Description
A cozy, loaded breakfast bake that layers crispy corn tortillas, creamy eggs, and bright salsa for a comforting and bold morning feast.
Ingredients
Scale
- Corn tortillas, cut into strips
- 8 large eggs (room temperature)
- 1 cup black beans, drained and rinsed
- 1/2 cup milk (or substitute plain yogurt)
- 1 teaspoon cumin (toasted)
- Salt and pepper to taste
- 1 cup salsa
- 1 cup shredded cheese (cheddar or Mexican blend)
- Chopped cilantro for garnish
Instructions
- Preheat your oven to 350°F (175°C).
- Grease a 9×13-inch baking dish and layer the corn tortilla strips across the bottom.

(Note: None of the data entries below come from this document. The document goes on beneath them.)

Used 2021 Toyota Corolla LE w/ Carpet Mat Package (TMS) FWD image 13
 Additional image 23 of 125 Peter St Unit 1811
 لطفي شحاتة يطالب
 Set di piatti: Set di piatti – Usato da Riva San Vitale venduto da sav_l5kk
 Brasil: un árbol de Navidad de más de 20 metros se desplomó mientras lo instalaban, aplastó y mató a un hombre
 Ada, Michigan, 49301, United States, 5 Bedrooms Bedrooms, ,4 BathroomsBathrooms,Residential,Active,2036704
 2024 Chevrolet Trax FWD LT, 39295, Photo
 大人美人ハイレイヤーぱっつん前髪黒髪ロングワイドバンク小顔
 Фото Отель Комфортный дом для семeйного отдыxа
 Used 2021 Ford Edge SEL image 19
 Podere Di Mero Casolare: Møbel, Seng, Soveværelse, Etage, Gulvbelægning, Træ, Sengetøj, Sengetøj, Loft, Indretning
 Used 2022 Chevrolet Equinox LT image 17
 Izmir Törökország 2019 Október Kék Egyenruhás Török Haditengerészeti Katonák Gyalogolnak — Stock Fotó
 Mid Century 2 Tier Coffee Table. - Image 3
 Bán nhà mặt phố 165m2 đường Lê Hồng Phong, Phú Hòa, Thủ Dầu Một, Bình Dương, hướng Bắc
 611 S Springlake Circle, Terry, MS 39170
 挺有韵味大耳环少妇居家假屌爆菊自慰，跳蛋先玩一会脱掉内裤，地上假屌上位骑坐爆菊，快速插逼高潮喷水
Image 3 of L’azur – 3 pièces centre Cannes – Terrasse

- Spread the black beans evenly over the tortilla layer.
- Spoon the salsa over the beans in an even layer.
- Whisk together the eggs, milk, cumin, salt, and pepper until smooth.
- Pour the egg mixture over the layered tortillas, beans, and salsa.
- Sprinkle the shredded cheese evenly on top.
- Bake for 30–35 minutes until the eggs are set and the top is golden.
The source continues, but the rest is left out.